[
https://issues.apache.org/jira/browse/THRIFT-1727?page=com.atlassian.jira.plugin.system.issuetabpanels:comment-tabpanel&focusedCommentId=13495645#comment-13495645
]
Nathan Beyer commented on THRIFT-1727:
--------------------------------------
I believe the core issue is that there is no 'binary' type. According to the
Thrift Types (http://thrift.apache.org/docs/types/) document, there is only a
'string' base type and a 'binary' special type that is a specialized form of
'string'.
I'm not sure how this manifests on other languages, but in Ruby, when an IDL
has a 'binary' type, will add some metadata to the field definitions.
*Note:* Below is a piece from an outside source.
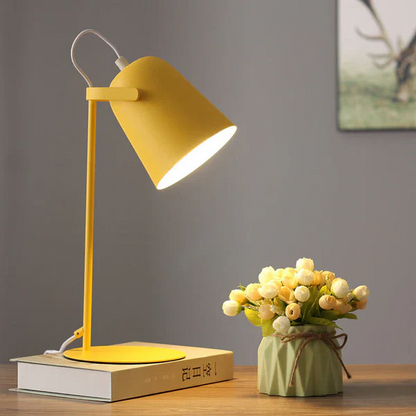 Nordic Macaron Färg Kreativ Järnkärl Design Lampa Bordslampa | Veska Gul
Here's an
example -
{code}
# IDL with a struct that has string and binary types
struct Combo {
1: string sdata
2: binary bdata
}
# Generated Ruby code
class Combo
include ::Thrift::Struct, ::Thrift::Struct_Union
SDATA = 1
BDATA = 2
FIELDS = {
SDATA => {:type => ::Thrift::Types::STRING, :name => 'sdata'},
BDATA => {:type => ::Thrift::Types::STRING, :name => 'bdata', :binary
=> true}
}
def struct_fields; FIELDS; end
def validate
end
::Thrift::Struct.generate_accessors self
end
{code}
Unfortunately, this field information is not available in the protocol classes
when serializing and deserializing. Since 'binary' is not a base type, there is
no 'write_binary' or 'read_binary'. As such, all that's invoked is
'write_string' or 'read_string' and these methods don't seem to have enough
context to get that field definition data. Please let me know if there is
access to this information, as it could be used to avoid transcoding the data
and forcing the encoding to BINARY.
How are the other libraries dealing with this special 'binary' type?
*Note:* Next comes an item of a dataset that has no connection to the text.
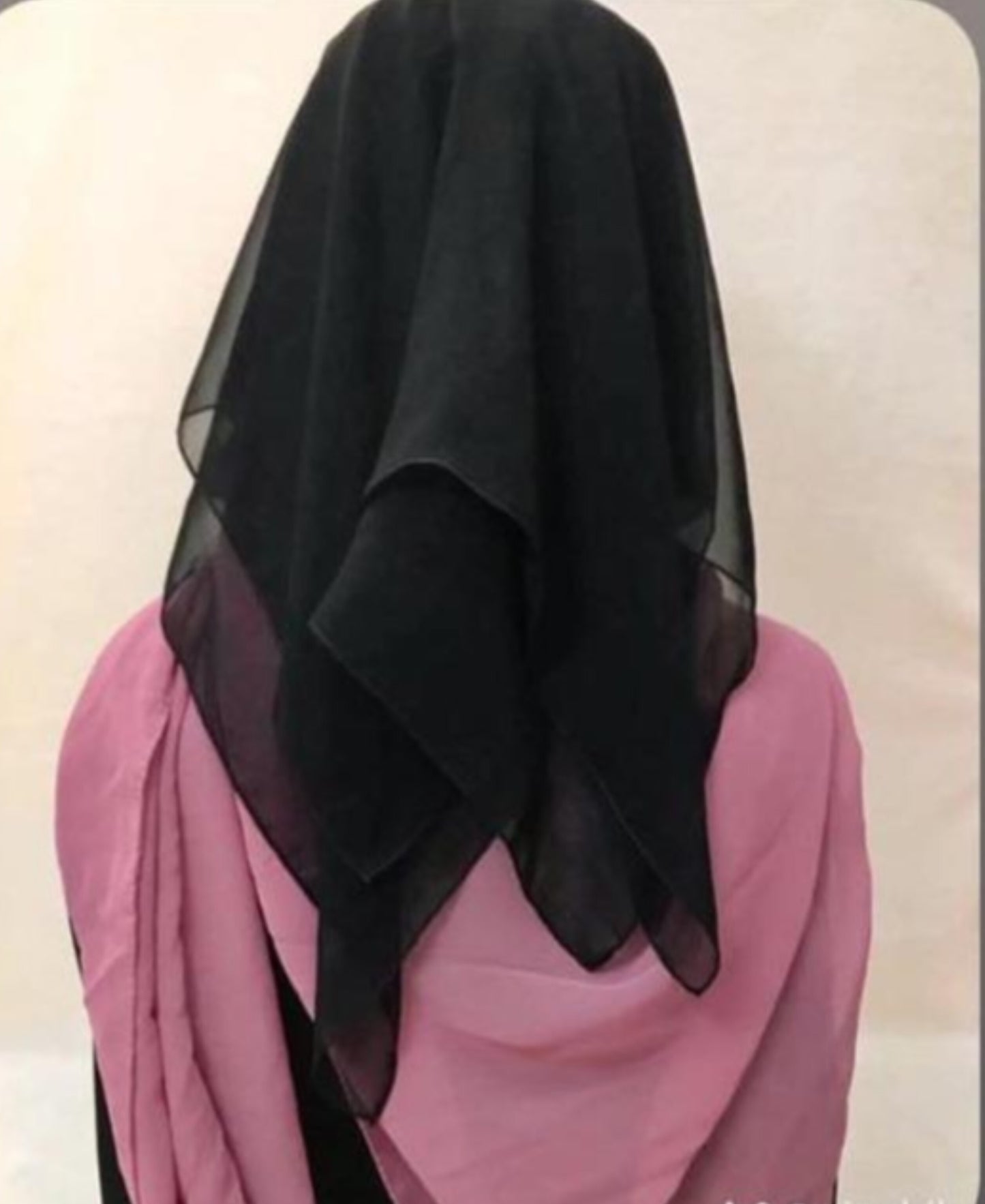 Niqab with short square cut double layered veil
> Ruby-1.9: data loss: "binary" fields are re-encoded
> ---------------------------------------------------
>
> Key: THRIFT-1727
> URL: https://issues.apache.org/jira/browse/THRIFT-1727
> Project: Thrift
> Issue Type: Bug
> Components: Ruby - Library
> Affects Versions: 0.9
> Environment: JRuby 1.6.8 using "--1.9" command line parameter.
> Reporter: XB
>
> When setting a binary field of a Thrift object with some binary data (e.g. a
> string whose encoding is "ASCII-8BIT") and then serializing this object, the
> binary data is re-encoded. That is, it is encoded as if it were not a
> sequence of bytes but a sequence of characters, encoded using the ISO-8859-1
> encoding. This assumed ISO-8859-1 sequence of characters is then converted
> into UTF-8 (by BinaryProtocol or CompactProtocol). This basically means that
> all bytes whose values are between 0x80 (inclusive) and 0x100 (exclusive) are
> converted into multi-byte sequences. This leads to data corruption.
--
This message is automatically generated by JIRA.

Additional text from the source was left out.